その噂とは、「ある保険会社と、人身賠償につき基準額から相当額減額した金額(例えば慰謝料を赤本基準の6割など)を一律に支払う代わりに、訴訟をしないという協定を結んでいる法律事務所がある」というものです。
なお、「協定」といっても、物損で修理会社と保険会社が修理内容について合意する「協定」とは全く違いますので、誤解しないようお願いします。

一般の方にはあまり知られていませんが、実は過払金全盛から末期に差し掛かりつつある平成20年以降に、サラ金と法律事務所が「訴訟をしない代わりに、請求額の6割を一律で支払う」などという協定を結んでいたことが良くあったことは、一定年数の実務経験がある弁護士であれば周知の事実です。

このスキームは、過払金返還請求が著しく増大したことで、サラ金が交渉での返金を次第に拒否するようになり、訴訟を提起しないと十分な額の返金が受けられなくなってきた時期に、弁護士にとっては手間と時間がかかる訴訟をせず楽に多数の事件を回していける、サラ金にとっては本来の支払額より大幅に減額した金額を支払うだけで済むという、弁護士・サラ金双方にとってメリットがあり、他方、依頼者にとっても、解決まで時間がかかるのであれば減額されても早く受け取りたいというメリットもあったのではないかと思われます。

ただ、一番の被害者は、何も知らされないまま、今も知らないまま、本来受け取れるべき過払金を減額して示談させられていた依頼者です。
依頼者が、事前に本来受け取れる額から一定額減額される代わりに早期に解決できると知らされ、これを真に理解してそのような解決を望みその事務所に依頼をしていれば何の問題もありませんが、そのような事務所が、サラ金と協定を結んでいることを依頼者に事前に知らせていたのかは疑問があります。

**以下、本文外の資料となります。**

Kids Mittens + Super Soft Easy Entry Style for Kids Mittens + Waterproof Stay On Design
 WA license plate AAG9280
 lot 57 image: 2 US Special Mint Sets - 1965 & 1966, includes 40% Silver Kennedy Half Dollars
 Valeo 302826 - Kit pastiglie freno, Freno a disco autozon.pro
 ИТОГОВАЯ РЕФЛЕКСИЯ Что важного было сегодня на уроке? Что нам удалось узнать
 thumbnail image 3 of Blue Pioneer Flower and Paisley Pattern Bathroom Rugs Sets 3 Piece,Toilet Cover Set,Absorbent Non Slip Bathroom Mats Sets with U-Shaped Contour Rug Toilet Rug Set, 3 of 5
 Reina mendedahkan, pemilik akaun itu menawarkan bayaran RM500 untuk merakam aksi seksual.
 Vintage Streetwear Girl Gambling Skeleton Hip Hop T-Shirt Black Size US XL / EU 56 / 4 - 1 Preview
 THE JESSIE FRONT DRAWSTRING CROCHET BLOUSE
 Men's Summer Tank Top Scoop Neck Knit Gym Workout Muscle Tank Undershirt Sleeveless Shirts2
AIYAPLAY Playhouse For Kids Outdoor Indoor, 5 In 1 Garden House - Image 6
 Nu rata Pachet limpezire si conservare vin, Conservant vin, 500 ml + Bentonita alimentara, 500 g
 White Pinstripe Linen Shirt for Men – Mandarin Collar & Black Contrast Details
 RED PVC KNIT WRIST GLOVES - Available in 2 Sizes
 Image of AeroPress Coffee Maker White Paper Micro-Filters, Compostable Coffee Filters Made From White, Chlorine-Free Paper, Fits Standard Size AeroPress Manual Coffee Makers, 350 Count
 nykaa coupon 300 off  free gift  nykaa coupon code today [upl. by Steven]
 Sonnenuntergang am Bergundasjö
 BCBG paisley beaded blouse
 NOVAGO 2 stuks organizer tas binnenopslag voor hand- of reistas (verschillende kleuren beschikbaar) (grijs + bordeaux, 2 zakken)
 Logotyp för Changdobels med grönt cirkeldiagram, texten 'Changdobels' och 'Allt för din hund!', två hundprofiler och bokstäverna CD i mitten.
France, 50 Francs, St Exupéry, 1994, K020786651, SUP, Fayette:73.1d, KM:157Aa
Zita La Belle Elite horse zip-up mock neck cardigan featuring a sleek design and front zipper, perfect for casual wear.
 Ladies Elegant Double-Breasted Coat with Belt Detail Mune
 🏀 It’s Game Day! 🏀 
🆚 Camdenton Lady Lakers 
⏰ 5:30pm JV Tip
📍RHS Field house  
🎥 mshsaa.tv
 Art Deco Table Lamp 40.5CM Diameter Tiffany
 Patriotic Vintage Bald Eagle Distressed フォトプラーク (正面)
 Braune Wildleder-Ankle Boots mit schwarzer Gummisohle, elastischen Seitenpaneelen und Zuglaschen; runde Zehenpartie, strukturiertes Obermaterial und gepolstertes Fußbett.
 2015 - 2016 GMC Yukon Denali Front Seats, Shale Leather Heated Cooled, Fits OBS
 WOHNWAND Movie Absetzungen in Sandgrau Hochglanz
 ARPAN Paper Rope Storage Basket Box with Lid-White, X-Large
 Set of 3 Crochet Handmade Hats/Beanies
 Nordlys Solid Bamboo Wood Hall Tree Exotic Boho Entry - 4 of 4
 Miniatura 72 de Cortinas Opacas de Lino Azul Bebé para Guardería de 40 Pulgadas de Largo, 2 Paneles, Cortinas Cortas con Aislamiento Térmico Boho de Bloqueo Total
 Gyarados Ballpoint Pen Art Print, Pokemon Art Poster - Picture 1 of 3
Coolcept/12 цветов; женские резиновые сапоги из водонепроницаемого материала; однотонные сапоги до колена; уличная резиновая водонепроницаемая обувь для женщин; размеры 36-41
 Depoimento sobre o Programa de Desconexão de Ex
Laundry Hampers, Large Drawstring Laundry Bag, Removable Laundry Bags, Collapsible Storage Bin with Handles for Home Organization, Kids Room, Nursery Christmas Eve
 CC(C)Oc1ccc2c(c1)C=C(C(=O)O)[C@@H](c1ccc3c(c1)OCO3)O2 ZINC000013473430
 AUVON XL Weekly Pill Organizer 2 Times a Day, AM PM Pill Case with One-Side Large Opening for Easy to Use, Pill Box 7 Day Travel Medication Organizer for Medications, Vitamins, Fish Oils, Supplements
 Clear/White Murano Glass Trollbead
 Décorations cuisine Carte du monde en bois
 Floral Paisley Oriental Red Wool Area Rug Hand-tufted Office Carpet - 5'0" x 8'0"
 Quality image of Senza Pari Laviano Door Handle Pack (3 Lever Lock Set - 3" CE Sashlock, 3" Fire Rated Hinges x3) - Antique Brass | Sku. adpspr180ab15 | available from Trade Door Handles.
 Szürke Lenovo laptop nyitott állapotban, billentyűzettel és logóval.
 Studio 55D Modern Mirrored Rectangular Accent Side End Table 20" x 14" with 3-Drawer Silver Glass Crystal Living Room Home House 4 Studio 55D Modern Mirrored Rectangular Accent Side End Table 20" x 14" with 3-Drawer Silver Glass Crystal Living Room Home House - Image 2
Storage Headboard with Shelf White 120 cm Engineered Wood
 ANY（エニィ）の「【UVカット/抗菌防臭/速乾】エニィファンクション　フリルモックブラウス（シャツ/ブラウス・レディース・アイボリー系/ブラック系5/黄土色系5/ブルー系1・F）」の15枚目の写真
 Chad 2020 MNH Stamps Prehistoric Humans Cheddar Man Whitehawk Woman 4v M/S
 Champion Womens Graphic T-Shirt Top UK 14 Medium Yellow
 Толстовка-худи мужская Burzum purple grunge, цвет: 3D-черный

同じことが、交通事故人身賠償の世界でも起こっているのでないかという噂です。
確かに、大量受任・大量処理をして画一的に事件を回転していくことを望む法律事務所や弁護士であれば、訴訟を提起する手間が省けるこのような協定を結ぶメリットはあるでしょうし、保険会社にとっても基準額よりも安く早期に解決できるメリットはあります。
また、近時、あの頃の過払金返還請求事件のように、珠玉混合の法律事務所が交通事故被害事件に大挙として押し寄せ、多額の広告費と人件費を使い交通事故被害者を奪い合い、保険会社にとっても、被害者側の弁護士対応が増え、支払う保険金が増大しつつある状況ですので、交通事故人身賠償の世界でもこのような協定が結ばれる素地は十分あると思われます。

しかし、本来賠償されるべき金額が大きく減額されることを知らないまま、示談させられ、弁護士と保険会社に「食い物にされる」交通事故被害者の方がでてきてしまうことは、被害者専門弁護士として断じて許すことはできません。

多くの交通事故被害者の方にとって、一生で一度限りの事故であり、正確な比較対象をもたないので、何が正しいのか、誰を信用していいのかわからないところに、交通事故賠償の一番の難しさがあります。
そのような難しさを手玉に取り、交通事故被害者を食い物にするような法律事務所が存在しないこと、「人身賠償の協定」があくまでも噂に過ぎないことをを心から願うばかりです。